The nice thing about this: there's no particular PHP bias, so it can work just as well with PHP+PHPUnit or JS+(QUnit|Jasmine)+(karama|protractor). On the otherhand, you need to understand regex, and you need to update a centralized file, and it's won't be very clever about deduping. (So if the class "CRM_Foo_BarTest" matches on account of a phpunit-group rule and on account of a phpunit-class rule, then it would get run twice... unless we take other measures to dedupe.)

Code: [Select]

// In any source-code file, you can add annotations to classes or global functions like:
/**
 * @TestWith\group CiviEvent
 * ...or...
 * @TestWith\class CRM_Event_BAO_WhizzyTest
 */
class CRM_Event_BAO_Participant { ... }

// OR, in any test file, you can add annotations to classes or functions like:
/**
 * @TestFor\group CiviEvent
 * ...or...
 * @TestFor\file "CRM/Event/BAO/Event.php"
 * ...or...
 * @TestFor\file "sample-data.*.csv"
 */
class CRM_Event_BAO_EventTest { ... }

In this case, the mappings are more "in situ", which is probably a bit nicer when coding. They're closely tied to PHP parsing which means.... we can be more quite clever (e.g. deduping and matching tests based on *class* name instead of file-name), but we do have to parse the files, and it won't work with pure-JS tests. (OTOH, our pure-JS test-suite is currently so small that we don't currently need this level of granularity.)

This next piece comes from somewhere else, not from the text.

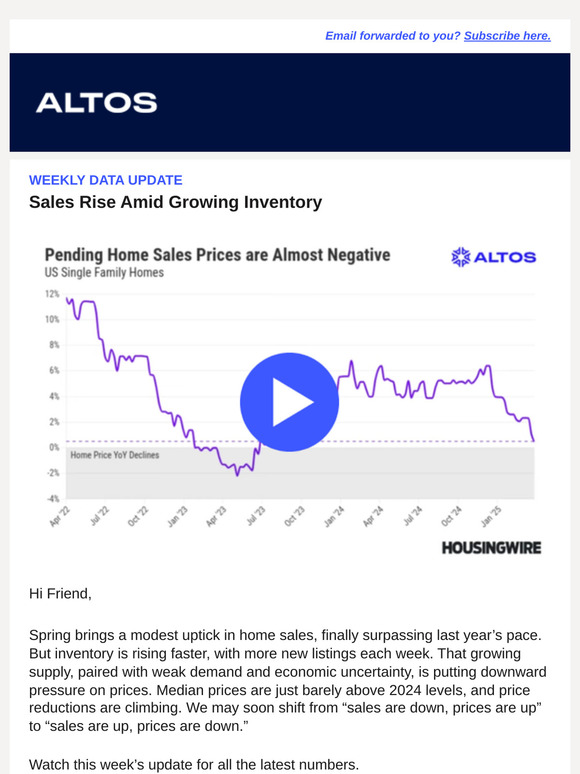 Pending Home Sales Prices are Almost Negative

totten · July 23, 2014, 08:19:02 pm

FWIW, related JIRA issues are:
* Parallelization: https://issues.civicrm.org/jira/browse/INFRA-124
* Pattern matching: https://issues.civicrm.org/jira/browse/INFRA-122

Eileen · July 23, 2014, 09:06:31 pm

Run syntaxconformance tests on every one - if that doesn't break nothing will :-)

PS glad you picked a PR that didn't make me cringe when I looked

Eileen · July 24, 2014, 03:48:50 pm

as a thought - could you do full tests on a throttled basis? ie. run the full tests if they haven't been run for 2 hours. From experience the tests that fail are often a bit unpredictable so it would be good to run full tests too. Not sure what you'd do with the results - ie. if there have been 5 PRs since the last full run & then it fails would you then post a comment on them all? Re-run the failing test on each of them (of course - does it still fail in isolation?)

totten · July 24, 2014, 04:09:39 pm

So, I agree that we still need to do full runs. How much advantage do you see in the throttling approach compared to this approach:

1. The first job monitors pending PR's. It runs a subsection of the test-suite (hopefully targeted based on the content of the patch).
2. The second job runs periodically (say, every 4hr). It monitors the official branches (not PRs) and executes the full test suite.

General aside: The problem of inconsistency in test results has recurred in a few contexts for me (e.g. WebTest suite; timing-sensitive tests; and making our tests compatible with vanilla phpunit tooling), so I'm experimenting with a new script ("The Jeanine Matthews Divergent Test Hunter") to help identify/isolate divergent test results.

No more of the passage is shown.